Well if book publishers like HarperCollins and Random House have got it half right, as I wrote earlier today, then that puts them light-years ahead of the Academy of Motion Picture Arts and Sciences (yes, the Oscar folks), who don’t seem to get very much at all.
It’s not really all that surprising to hear that the Academy told YouTube to take down video clips of portions of the telecast. In fact, when I saw the headlines on Techmeme, I initially discounted it as just another notice and takedown effort, just like Viacom’s not so long ago. But the Oscar takedown makes even less sense than that, as Techdirt points out. At least Viacom had some kind of sensible rationale for pulling the clips — because it wanted to run them itself at its own site. The Oscar team? The exact opposite.
In fact, Variety reports that the Academy is only running a five minute highlight clip at its official site, with none of the musical numbers or the opening monologue available (two of the most popular clips on YouTube were the skit with Will Farrell and Jack Black and the monologue by Ellen DeGeneres). And then the spokesman comes out with this howler: Not only are there are no plans to post additional clips, but the current ones will be removed soon, to “whet people’s appetite for next year’s show.”

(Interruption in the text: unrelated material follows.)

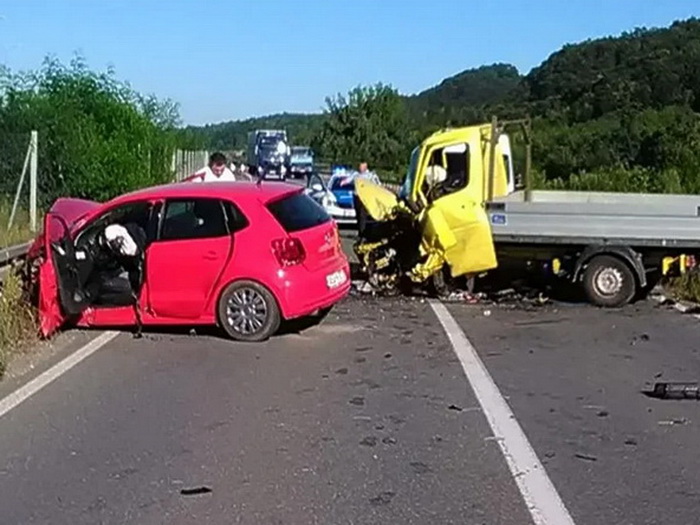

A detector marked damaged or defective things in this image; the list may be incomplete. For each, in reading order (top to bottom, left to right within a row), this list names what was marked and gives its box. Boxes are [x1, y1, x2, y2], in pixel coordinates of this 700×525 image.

damaged truck front [352, 123, 512, 294]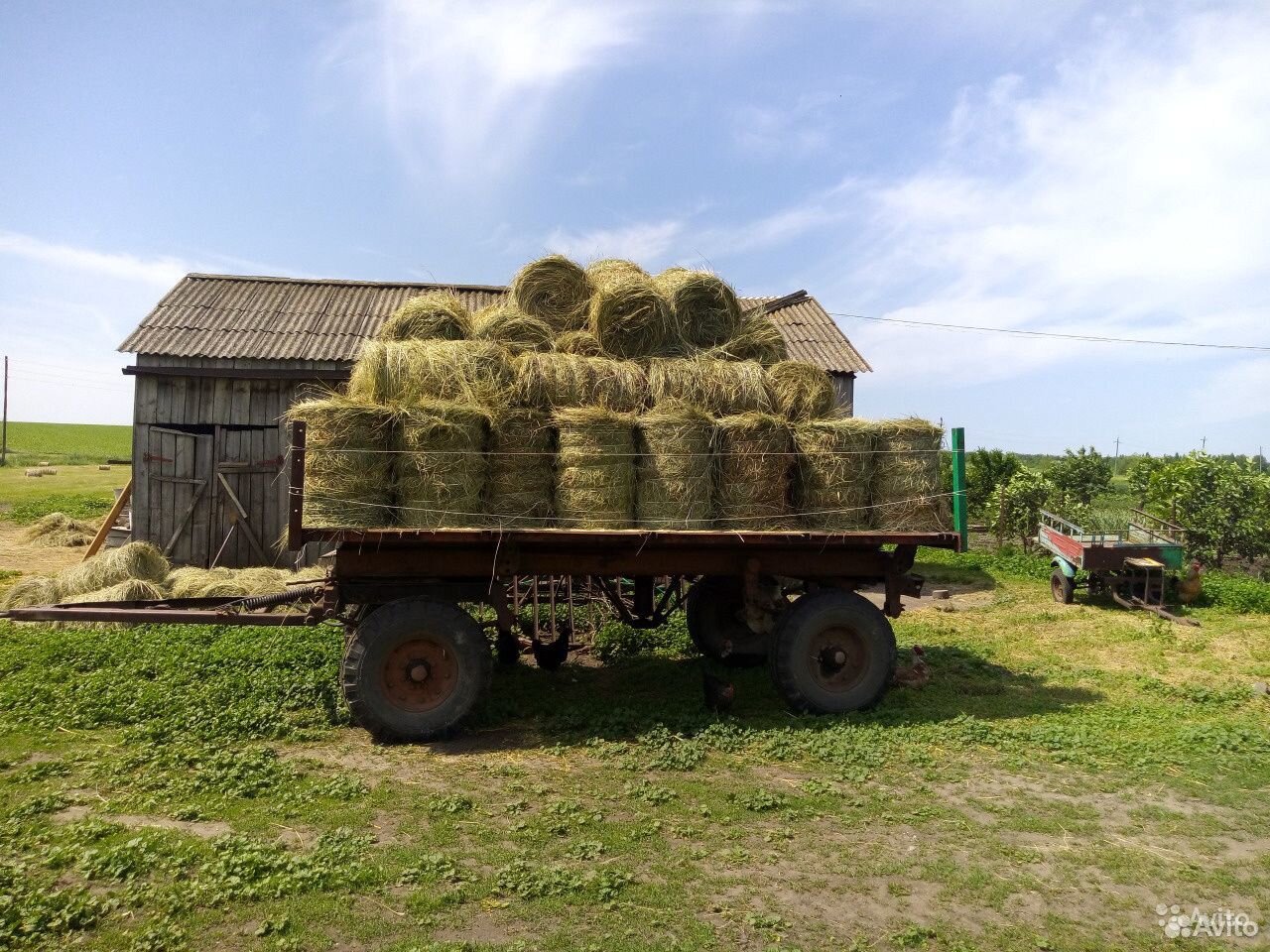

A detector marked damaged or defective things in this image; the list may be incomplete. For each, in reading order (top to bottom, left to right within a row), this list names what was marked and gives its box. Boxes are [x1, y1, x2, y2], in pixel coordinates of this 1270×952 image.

rusty wheel [341, 595, 492, 746]
rusty wheel [770, 587, 897, 714]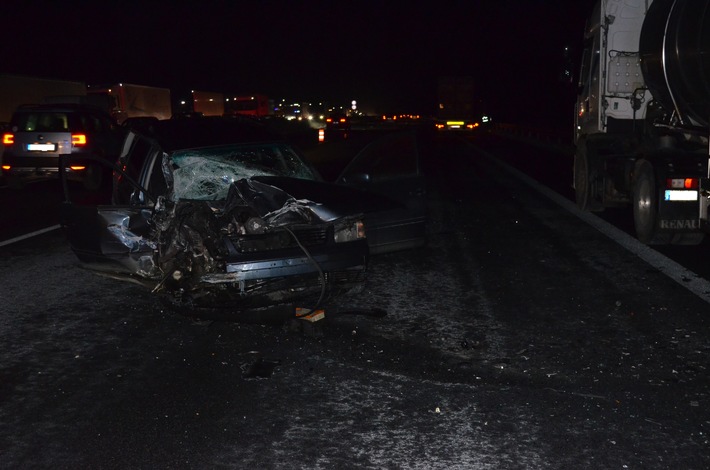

That’s some good work there, Academy dudes. Forget about all the free advertising YouTube is giving the Oscars by letting people see how funny it was. Better to take those clips away and hope that next year someone watches it anyway. That’s a great idea. At least Mark Cuban has a plan that makes some kind of sense — it may be crazy, but it’s a plan. And Larry Dignan of ZDNet notes that many of the video clips are back anyway.